*What the exercise asks*: A word-for-word copy of the data, with no images, is the required answer.

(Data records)
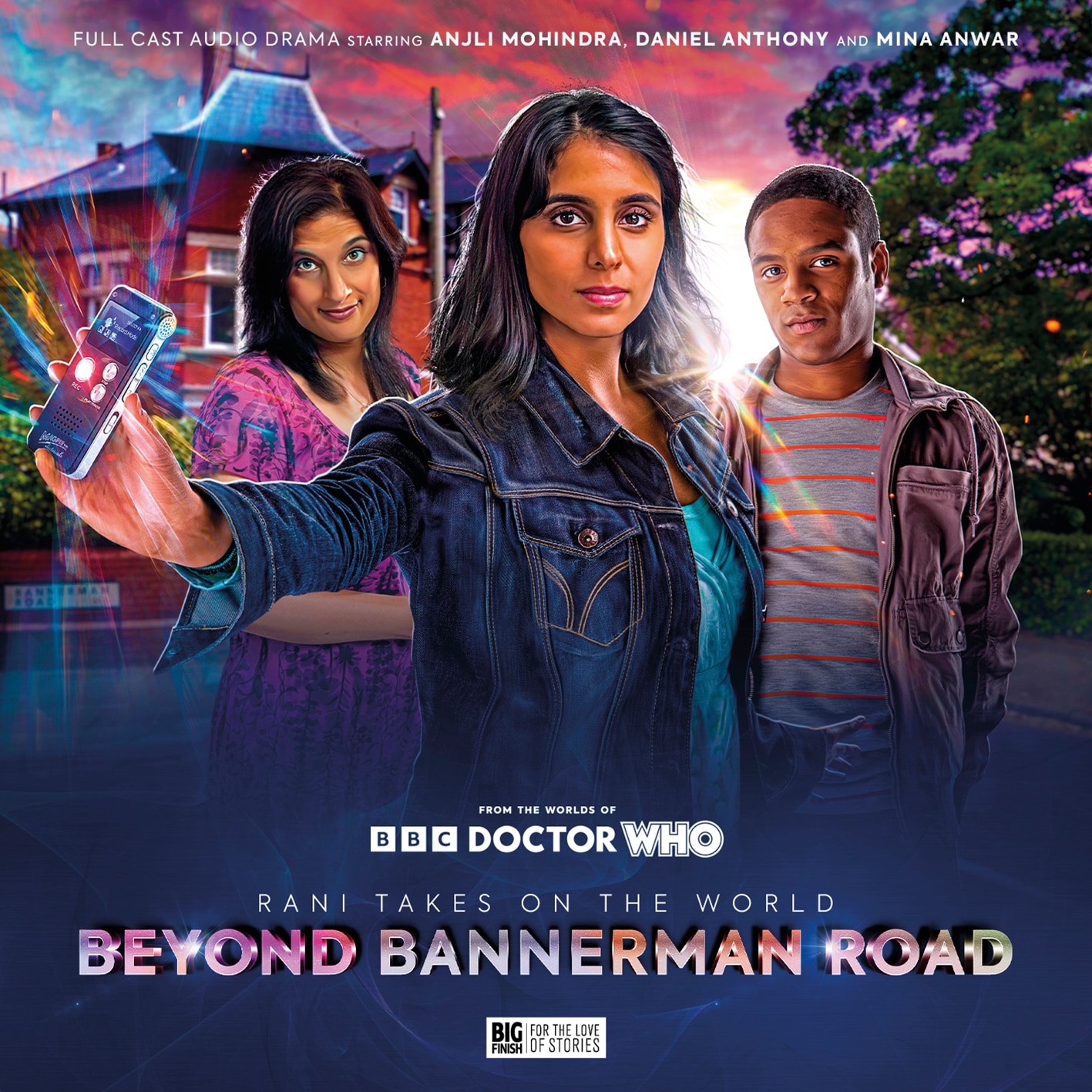 The Worlds of Doctor Who - Rani Takes on the World/Beyond Bannerman Road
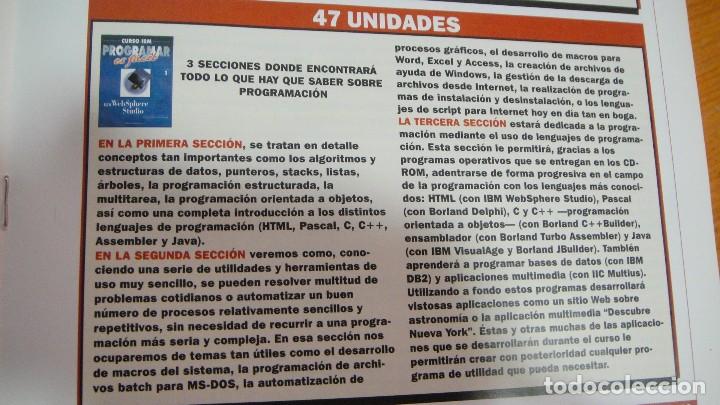 Libros de segunda mano: curso ibm programar es facil - Foto 6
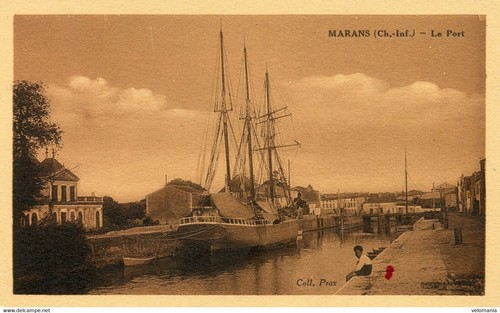 S8875 cpa marans - cpa,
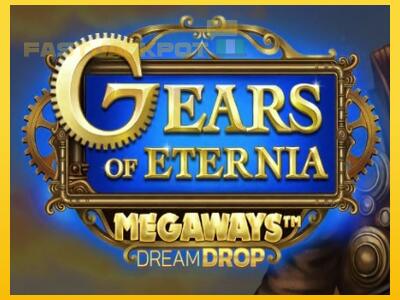 Hrací automat Gears of Eternia Megaways Dream Drop so šancou vyhrať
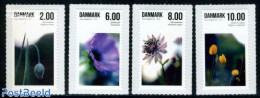 Denmark 2011 Summer Flowers 4v S-a, Mint NH, Nature - Flowers & Plants - Nuovi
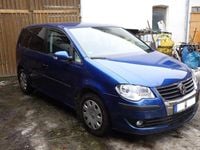 Gebraucht VW Touran 140 PS (102 kW) 2007 Blau Van / Kleinbus
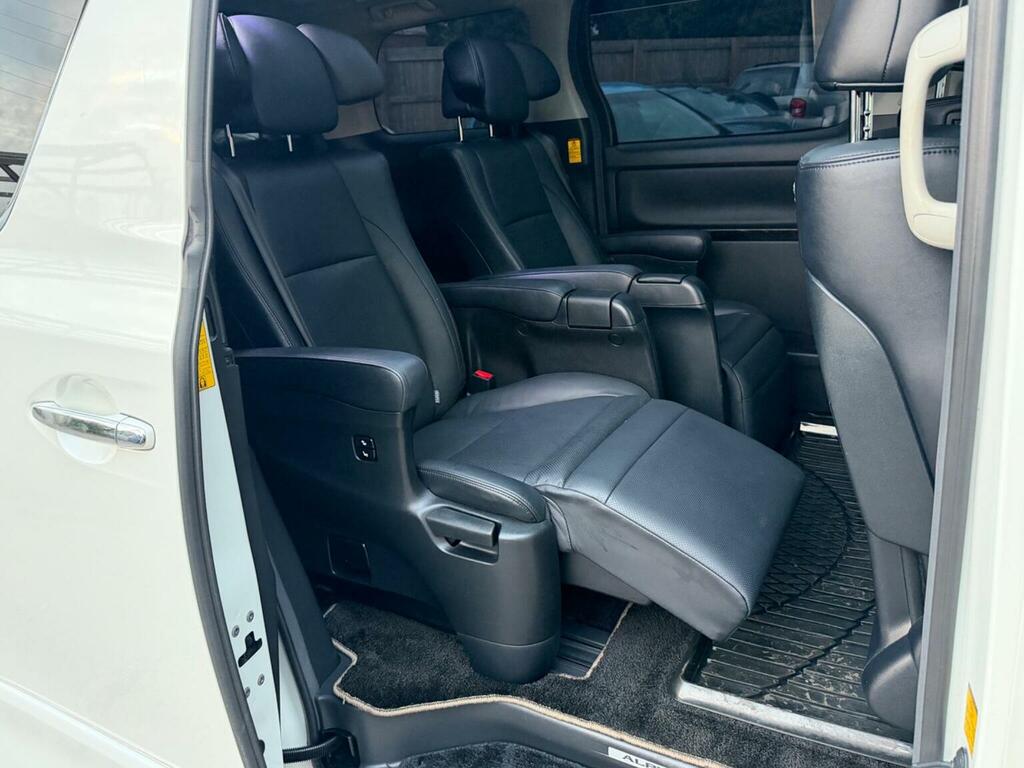 Toyota Alphard V Black #57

*Response below*:
 The Worlds of Doctor Who - Rani Takes on the World/Beyond Bannerman Road
 Libros de segunda mano: curso ibm programar es facil - Foto 6
 S8875 cpa marans - cpa,
 Hrací automat Gears of Eternia Megaways Dream Drop so šancou vyhrať
 Denmark 2011 Summer Flowers 4v S-a, Mint NH, Nature - Flowers & Plants - Nuovi
 Gebraucht VW Touran 140 PS (102 kW) 2007 Blau Van / Kleinbus
 Toyota Alphard V Black #57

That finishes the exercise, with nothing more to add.